Learnings from INMA's London Media Subscriptions Week stress that a reader-focused business model with digital subscriptions at the core represents the news industry's best hope.
Initiatives to replace the declining print business model and maintain scalable journalism, are included in a new report, 'The Media Subscriptions Blueprint', based on presentations and feedback from the event in London last month.
Across 25 case studies, seven keynote presentations, a 40-question benchmark survey, a town hall and hundreds of questions and comments from the 230 participants from 33 countries, the INMA summit found there were seven broad themes:
Value proposition: While content is often the trigger for a subscriber relationship, publishers must realise that community, cause, and convenience are arguably equally important in the emerging subscription game.
Freemium: The rise of data in media companies provides publishers more options on when and how to lock content. The freemium model is displacing the metered model, which is best for high quality and high quantity content ecosystems.
Moving to dynamic: A personalised dynamic model and hybrid freemium/meter models will soon displace simpler models.
Cultural galvaniser: Digital subscriptions are not a task for a department. They work best when there is a clear growth mission and a total-company approach.
Where newsrooms fit: Newsroom participation amid the art and science of content economics helps maximise digital subscription success.
Improving retention through engagement: Companies far down the road of digital subscriptions are finding that while there is upside in sales efforts, the next growth wave will be retaining subscribers at a higher rate through tactics that are just now emerging.
Authentic voice content: While surveys and best practices point to varying genres that trigger subscriptions, the one commonality no matter a global brand or a community brand is content with an authentic voice.

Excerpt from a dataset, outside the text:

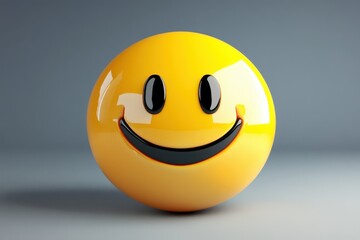 Fototapeta premium Glossy yellow emoticon ball with smiling face on gray background. Perfect for illustrating happiness, positivity, or simple communication.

Beyond a distillation of global best practices, 'The Media Subscriptions Blueprint' includes looks at what media companies are doing best in the digital subscription space: The New York Times, Times of London, The Economist, Wall Street Journal, Schibsted, NZZ, Fairfax Media, Politiken, BILDPlus, Dennik N, Dagens Nyheter, Helsingin Sanomat, Boston Globe, Amedia, Telegraph Media Group, Immediate Media, Sky Media, The Guardian and the Financial Times. Presentations by Facebook, Google, Membership Economy author Robbie Kellman Baxter, University of Oxford senior research fellow Grzegorz Piechota, Piano chief executive Trevor Kaufmann and others also are included.
See more at www.inma.org/reports.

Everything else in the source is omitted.